Over the years, many of the nation’s gas-fired power plants which are responsible for over 70 per cent of the energy being generated continue to suffer gas shortages.

Nigeria has around 181 trillion cubic feet of proven gas reserves plus much more in undiscovered gas resources. But despite having the largest gas reserves in Africa, only about 25 per cent of those reserves are being produced or are under development.

The country currently has around 7,000 megawatts of installed electricity generation capacity but less than 5,000MW is often in operation. Total electricity generation stood at 3,659.60MW as of 6am on September 25, the latest data from the Federal Ministry of Power, Works and Housing showed.

The nation has three hydropower plants and 24 gas-fired plants.

National gas production stood at 241.63 billion cubic feet in April, translating to an average daily production of 8.054 billion standard cubic feet per day, representing 1.34 per cent decrease compared to March statistics, according to the Nigerian National Petroleum Corporation’s latest monthly report.

The corporation said the daily average natural gas supply to gas power plants was at 835.27mmscfd, equivalent to power generation of 3,283MW.

It said, “Out of the 242.16Bcf of gas supplied in April, a total of 144.16Bcf of gas was commercialised comprising of 39.71Bcf and 104.45Bcf for the domestic and export market respectively.
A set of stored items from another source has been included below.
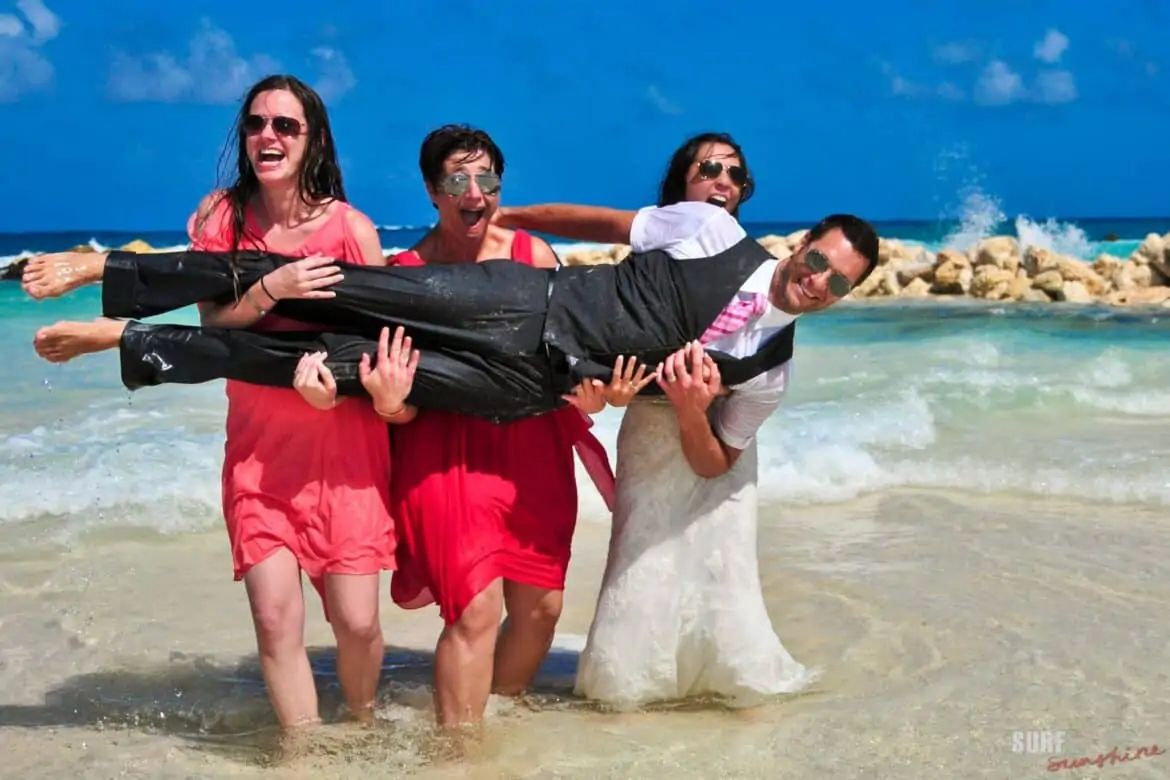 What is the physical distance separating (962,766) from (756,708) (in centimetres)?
68

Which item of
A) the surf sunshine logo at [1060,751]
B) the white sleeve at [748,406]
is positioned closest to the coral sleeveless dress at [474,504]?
the white sleeve at [748,406]

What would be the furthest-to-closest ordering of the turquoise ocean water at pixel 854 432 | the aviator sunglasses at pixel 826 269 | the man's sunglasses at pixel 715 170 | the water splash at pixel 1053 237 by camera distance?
the water splash at pixel 1053 237, the turquoise ocean water at pixel 854 432, the man's sunglasses at pixel 715 170, the aviator sunglasses at pixel 826 269

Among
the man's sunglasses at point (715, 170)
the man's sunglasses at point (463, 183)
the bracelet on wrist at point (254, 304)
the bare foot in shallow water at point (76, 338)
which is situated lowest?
the bare foot in shallow water at point (76, 338)

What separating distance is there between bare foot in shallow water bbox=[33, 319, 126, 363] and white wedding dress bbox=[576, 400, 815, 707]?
1549mm

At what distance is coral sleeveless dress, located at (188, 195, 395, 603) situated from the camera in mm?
3713

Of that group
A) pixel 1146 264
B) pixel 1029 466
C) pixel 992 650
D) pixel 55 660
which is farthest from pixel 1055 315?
pixel 55 660

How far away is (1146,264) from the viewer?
22.5 metres

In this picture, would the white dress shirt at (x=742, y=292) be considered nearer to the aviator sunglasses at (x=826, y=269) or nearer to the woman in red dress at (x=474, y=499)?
the aviator sunglasses at (x=826, y=269)

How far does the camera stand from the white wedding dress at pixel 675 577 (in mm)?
3973

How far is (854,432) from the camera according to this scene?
352 inches

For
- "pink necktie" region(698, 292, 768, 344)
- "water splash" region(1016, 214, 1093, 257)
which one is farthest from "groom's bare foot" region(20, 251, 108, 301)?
"water splash" region(1016, 214, 1093, 257)

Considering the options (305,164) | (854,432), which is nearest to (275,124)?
(305,164)

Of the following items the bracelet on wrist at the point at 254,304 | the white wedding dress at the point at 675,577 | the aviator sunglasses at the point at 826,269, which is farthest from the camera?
the white wedding dress at the point at 675,577

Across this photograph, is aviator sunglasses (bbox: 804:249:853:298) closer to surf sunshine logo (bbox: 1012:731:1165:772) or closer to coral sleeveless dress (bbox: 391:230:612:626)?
coral sleeveless dress (bbox: 391:230:612:626) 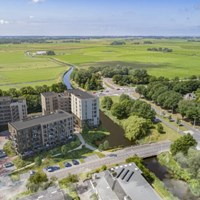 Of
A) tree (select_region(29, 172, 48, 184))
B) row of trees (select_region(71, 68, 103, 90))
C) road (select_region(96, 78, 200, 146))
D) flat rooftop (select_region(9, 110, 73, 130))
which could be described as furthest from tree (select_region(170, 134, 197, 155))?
row of trees (select_region(71, 68, 103, 90))

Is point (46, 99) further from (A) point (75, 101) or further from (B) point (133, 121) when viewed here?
(B) point (133, 121)

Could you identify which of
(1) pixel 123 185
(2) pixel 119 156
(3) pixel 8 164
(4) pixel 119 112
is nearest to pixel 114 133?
(4) pixel 119 112

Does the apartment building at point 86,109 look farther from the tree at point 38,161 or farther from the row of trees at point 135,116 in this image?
the tree at point 38,161

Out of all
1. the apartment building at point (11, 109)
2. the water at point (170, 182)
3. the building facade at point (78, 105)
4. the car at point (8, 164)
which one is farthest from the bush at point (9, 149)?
the water at point (170, 182)

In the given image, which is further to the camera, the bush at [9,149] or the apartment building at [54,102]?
the apartment building at [54,102]

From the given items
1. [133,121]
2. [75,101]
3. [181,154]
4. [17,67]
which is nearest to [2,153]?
[75,101] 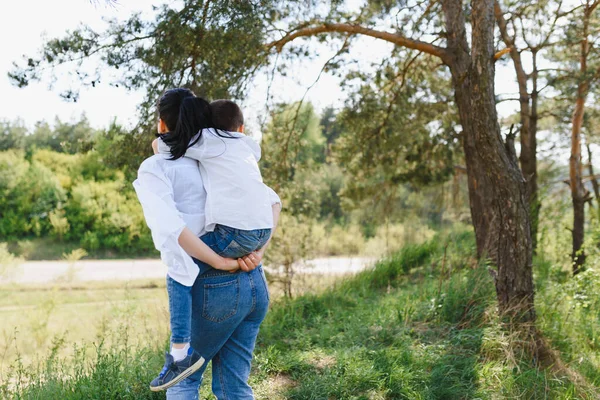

“This implies that 59.53 per cent of the average daily gas produced was commercialised while the balance of 40.47 per cent was re-injected, used as upstream fuel gas or flared. Gas flare rate was 9.52 per cent for the month under review i.e. 769mmscfd compared with average gas flare rate of 10.24 per cent i.e. 810.03mmscfd for the period March 2017 to March 2018.”

The President, Nigerian Gas Association, Mr Dada Thomas, said last week that turning natural gas into a profit-making venture required huge investments in infrastructure that would address the five component areas of gas availability, gas affordability, deliverability, funding and the legal and regulatory framework.

He said, “Even with obvious challenges, companies are making significant strategic investments in gas pipelines and production to power Independent Power Plants and industrial customers and it is estimated that about 1,000 megawatts of the IPP capacity is presently idle due to a lack of gas delivery.

“As the market moves towards the concept of ‘willing buyer, willing seller’ and the government continues to make the investment environment more attractive, the country has massive prospects.”

The Group Chief Executive Officer, Oando Plc, Mr Wale Tinubu, said gas development in Nigeria had been stunted by the slow development of the market and the difficulty in accessing long-term, low-interest capital needed to undertake the massive projects that can ensure delivery of gas to all parts of the country.

“Gas development is closely tied to infrastructure development – or the lack of it. Gas infrastructure is a high-cost, low-margin business. It has a high barrier of entry and requires deep technical and terrain knowledge and experience to succeed,” he said in an interview with The Oil & Gas Year.

Tinubu said, “We believe the private sector is best positioned to fill the huge gap that remains in gas infrastructure investments, and Axxela remains at the forefront of championing progress in the expansion of natural gas supply to the nation.”

The Chairman/Chief Executive Officer, Nestoil Limited, Dr Ernest Azudialu-Obiejesi, at an industry event earlier in September, called on the Federal Government to increase the construction of gas pipeline in order to enhance access to natural gas supply by power-generating stations and other areas where gas is needed.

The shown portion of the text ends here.